# EXERCISE GOAL:
Set down only the lines from the one containing "used 2023 Jeep" through the final line of the entries below, exactly as they stand, with no pictures.

# EXTRACTED DATA:
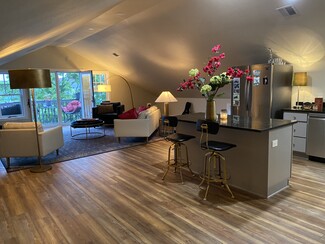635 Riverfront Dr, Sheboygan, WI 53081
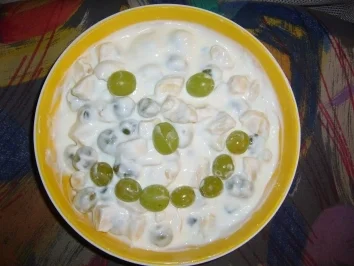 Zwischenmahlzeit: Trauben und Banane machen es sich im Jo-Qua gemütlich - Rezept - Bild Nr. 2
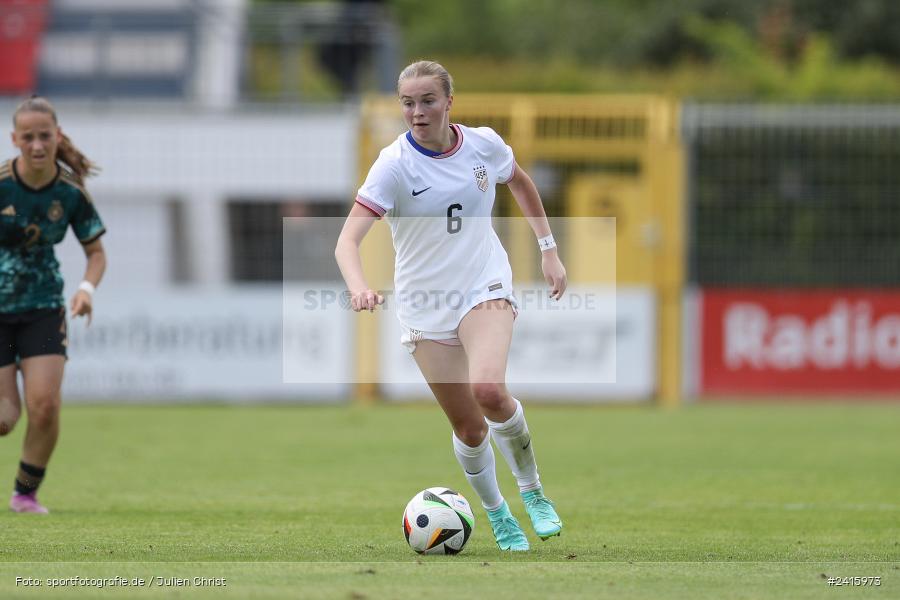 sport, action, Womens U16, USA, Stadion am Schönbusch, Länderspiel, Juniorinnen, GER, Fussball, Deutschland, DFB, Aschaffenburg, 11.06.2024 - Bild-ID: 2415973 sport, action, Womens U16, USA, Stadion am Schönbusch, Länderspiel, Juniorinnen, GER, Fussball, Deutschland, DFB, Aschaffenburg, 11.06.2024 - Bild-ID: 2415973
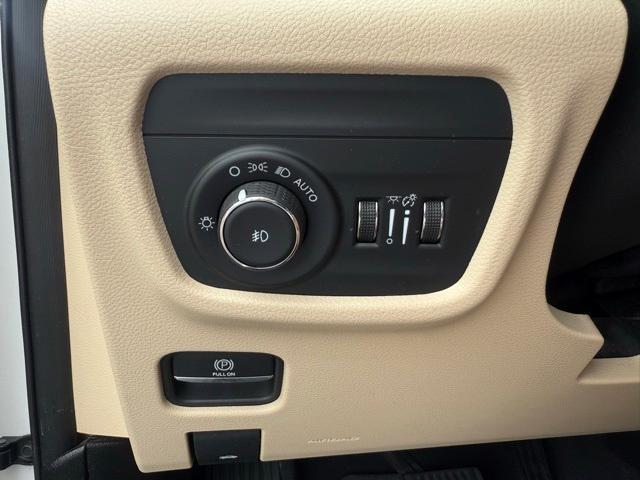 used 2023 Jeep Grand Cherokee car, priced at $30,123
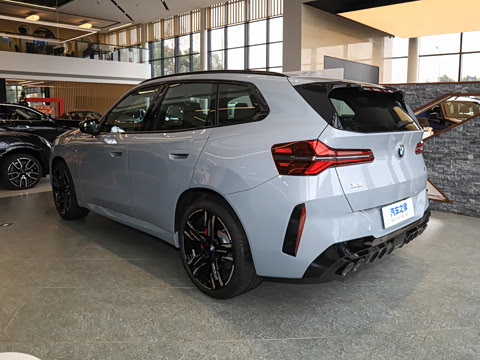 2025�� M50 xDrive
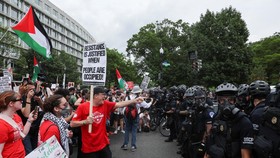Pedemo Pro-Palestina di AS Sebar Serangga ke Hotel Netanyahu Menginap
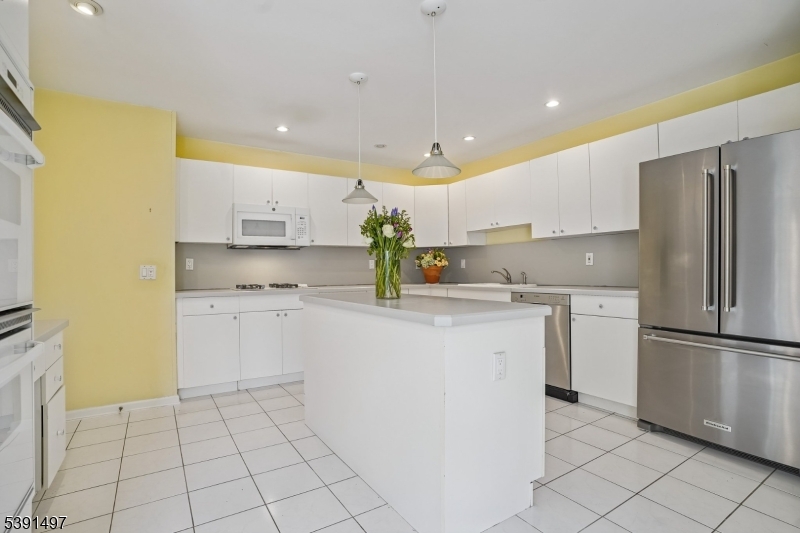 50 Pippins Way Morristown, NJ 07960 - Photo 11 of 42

# TASK SOLUTION:
 used 2023 Jeep Grand Cherokee car, priced at $30,123
 2025�� M50 xDrive
Pedemo Pro-Palestina di AS Sebar Serangga ke Hotel Netanyahu Menginap
 50 Pippins Way Morristown, NJ 07960 - Photo 11 of 42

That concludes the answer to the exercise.